So I thought I would pop in here and see what you folks thought. Any ideas? Any guesses or hypothesis you might like to make? Feel free to pontificate on any of it, software, materials, etc. I am looking for information about any of the eras, not just the 24th Century. Granted this information will be applied to the NX-01 but I can work backwards or forwards to fill in the information I need.

Thanks. :bolian:
 
In Star Trek: Voyager's episode "Concerning Flight", Voyager's computer core was stolen. At some point in the episode, the core's processing power was revealed. The episode is season 4 episode 11.
 
^^^
One of the baddies says that it is capable of "simultaneous access to 47 million data channels, transluminal processing at 575 trillion calculations per nanosecond, operational temperature margins from 10 Kelvin to 1,790 Kelvin."
 
Technically, the thing that was stolen was a computer processor not the actual core. So I am not sure how much information you can get from that unless they gave the actual number of processors. Then you could come up with a complete figure.

575 trillion calculations a second? Does anyone else think that number is a little high?

But thanks for the information though. It is at least a step in the right direction. :bolian:
 
There doesn't seem to be much interest in this but I thought I would update the thread anyway. Again, the reason I have been researching this particular topic is to form an idea about the workings of a the computer systems from the 22nd century, specifically the NX-01.


Anyway, I have finally come across some useful information in the last week and found one of the missing pieces of the puzzle: Quads. This is a throwaway tech term used to describe the data ratios of the computer systems of that era. Since our modern systems are constantly changing, using the term "bytes" would have been counter productive and could possible be dated in a few years. So this new term was invented to make things a bit more vague in order to maintain believability. However, I had no idea what the scale would be or how those shows used it. TNG had a more established set of rules concerning the use of its technical terms. Unfortunately, Voyager used them inconsistently and that was throwing my research off completely. Once I figured that out, I was able to put things in order and form a base for comparison.


Data ratios are: Milliquads (1), Quads (100), Kiloquads (1000), Megaquad (1 Million), Gigaquad (1 Billion), Teraquad (1 Trillion)

The computer data capacity on the 1701-D was a total of 630,000 kiloquads with each isolinear chip having a capacity of 2.15 kiloquads.
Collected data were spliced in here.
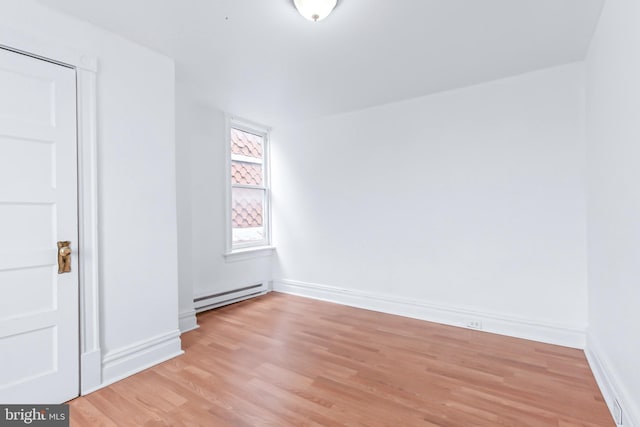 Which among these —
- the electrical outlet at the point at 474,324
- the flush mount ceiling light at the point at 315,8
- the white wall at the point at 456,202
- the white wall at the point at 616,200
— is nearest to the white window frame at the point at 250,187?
the white wall at the point at 456,202

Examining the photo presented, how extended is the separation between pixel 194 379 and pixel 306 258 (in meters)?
2.50

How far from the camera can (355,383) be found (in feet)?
7.39

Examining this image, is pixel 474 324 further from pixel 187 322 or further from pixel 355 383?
pixel 187 322

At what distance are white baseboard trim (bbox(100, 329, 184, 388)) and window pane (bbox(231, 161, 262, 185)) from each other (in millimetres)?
2356

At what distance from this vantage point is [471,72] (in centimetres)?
301

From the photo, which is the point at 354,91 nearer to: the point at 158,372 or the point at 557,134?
the point at 557,134

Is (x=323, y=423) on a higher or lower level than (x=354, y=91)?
lower

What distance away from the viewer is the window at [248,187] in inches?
175

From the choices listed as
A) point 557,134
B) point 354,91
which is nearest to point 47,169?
point 354,91

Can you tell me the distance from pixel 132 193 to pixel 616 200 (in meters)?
3.33

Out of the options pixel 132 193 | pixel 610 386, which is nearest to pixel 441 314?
pixel 610 386

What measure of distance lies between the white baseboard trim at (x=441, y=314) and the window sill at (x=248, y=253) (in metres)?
0.53

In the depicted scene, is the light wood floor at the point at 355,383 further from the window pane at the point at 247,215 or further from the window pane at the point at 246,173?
the window pane at the point at 246,173

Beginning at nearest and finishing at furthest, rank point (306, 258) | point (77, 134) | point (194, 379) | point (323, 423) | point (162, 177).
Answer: point (323, 423), point (77, 134), point (194, 379), point (162, 177), point (306, 258) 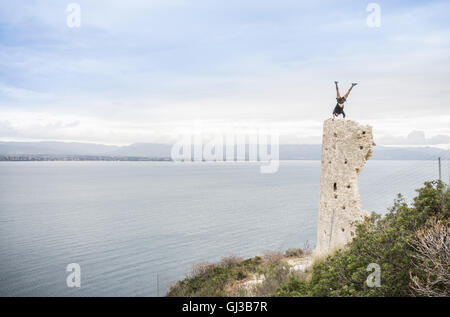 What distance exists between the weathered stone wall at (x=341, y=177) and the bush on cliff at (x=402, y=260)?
9.59 ft

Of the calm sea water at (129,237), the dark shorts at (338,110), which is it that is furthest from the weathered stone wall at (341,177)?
the calm sea water at (129,237)

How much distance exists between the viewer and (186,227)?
37781mm

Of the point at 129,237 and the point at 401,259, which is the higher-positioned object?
the point at 401,259

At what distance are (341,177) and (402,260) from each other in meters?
5.30

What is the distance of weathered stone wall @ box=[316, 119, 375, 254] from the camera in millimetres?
11891

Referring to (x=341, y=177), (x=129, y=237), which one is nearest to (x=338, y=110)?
(x=341, y=177)

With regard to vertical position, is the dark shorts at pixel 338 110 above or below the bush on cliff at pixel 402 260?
above

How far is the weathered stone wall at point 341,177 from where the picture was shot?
11.9 meters

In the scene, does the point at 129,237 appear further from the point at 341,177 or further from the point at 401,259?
the point at 401,259

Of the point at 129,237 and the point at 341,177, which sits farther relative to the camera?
the point at 129,237

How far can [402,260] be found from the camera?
23.6 ft

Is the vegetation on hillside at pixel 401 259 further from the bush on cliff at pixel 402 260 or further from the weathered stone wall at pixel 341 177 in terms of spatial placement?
the weathered stone wall at pixel 341 177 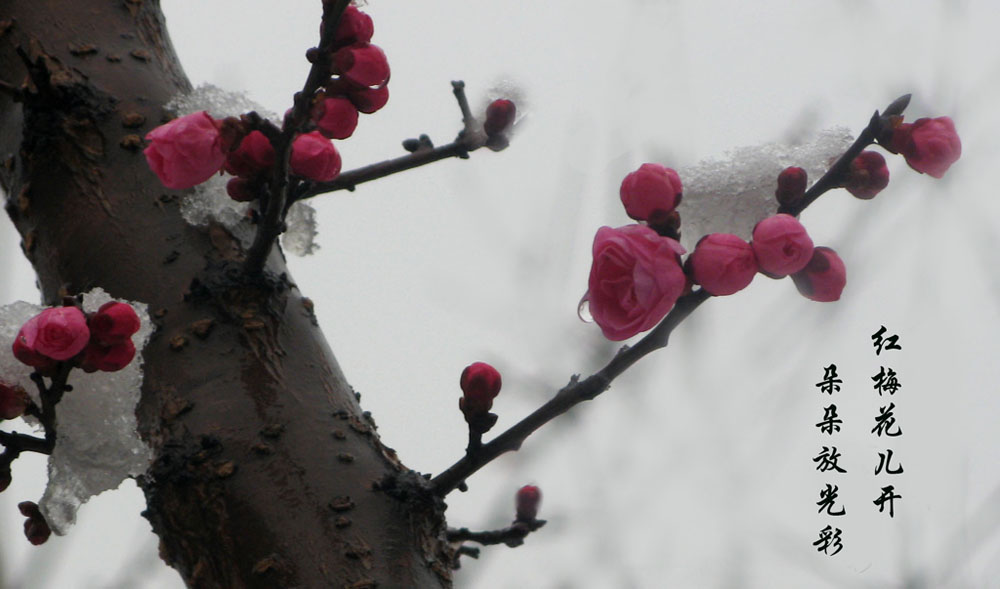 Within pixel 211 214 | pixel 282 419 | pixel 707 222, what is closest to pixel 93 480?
pixel 282 419

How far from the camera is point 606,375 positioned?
115 cm

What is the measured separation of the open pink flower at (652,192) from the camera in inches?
44.9

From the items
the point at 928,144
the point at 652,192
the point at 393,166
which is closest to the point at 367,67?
the point at 393,166

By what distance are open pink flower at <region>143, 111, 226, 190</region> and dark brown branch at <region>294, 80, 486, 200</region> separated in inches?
7.6

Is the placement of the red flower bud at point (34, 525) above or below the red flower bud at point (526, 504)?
below

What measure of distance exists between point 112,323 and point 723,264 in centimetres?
72

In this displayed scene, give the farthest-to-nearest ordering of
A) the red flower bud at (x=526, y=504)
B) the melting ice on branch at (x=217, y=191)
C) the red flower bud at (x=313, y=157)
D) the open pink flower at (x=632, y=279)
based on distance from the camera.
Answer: the red flower bud at (x=526, y=504), the melting ice on branch at (x=217, y=191), the red flower bud at (x=313, y=157), the open pink flower at (x=632, y=279)

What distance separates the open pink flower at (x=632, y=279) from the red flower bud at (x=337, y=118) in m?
0.40

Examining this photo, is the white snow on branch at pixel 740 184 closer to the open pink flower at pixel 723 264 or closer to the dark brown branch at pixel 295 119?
the open pink flower at pixel 723 264

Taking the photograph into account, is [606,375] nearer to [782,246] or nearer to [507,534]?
[782,246]

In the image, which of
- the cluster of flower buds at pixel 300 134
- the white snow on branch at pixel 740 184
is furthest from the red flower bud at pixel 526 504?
the cluster of flower buds at pixel 300 134

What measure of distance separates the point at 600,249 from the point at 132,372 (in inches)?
24.6

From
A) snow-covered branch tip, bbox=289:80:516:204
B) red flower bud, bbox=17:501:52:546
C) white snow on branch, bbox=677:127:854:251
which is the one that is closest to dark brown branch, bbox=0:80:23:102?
snow-covered branch tip, bbox=289:80:516:204

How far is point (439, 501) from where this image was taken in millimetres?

(Voyager's memory capacity, even taking into account the massive amounts of inconsistencies, calculates out to be 75 trillion times that of the Galaxy class ship. The good people over at Ex Astris Scientia also point out that if they used the same 2.15 isolinear chip in the system, the amount of space required to hold the Voyager's computer core would equal 3,875 Borg cubes! :eek: I think some of the writers may have been very very confused.)


So for the NX-01, I basically started working backwards from the figures I collected. This is what I have.

The computer core's data capacity would be 21 Kiloquads with each data card having a capacity of 1.5 quads.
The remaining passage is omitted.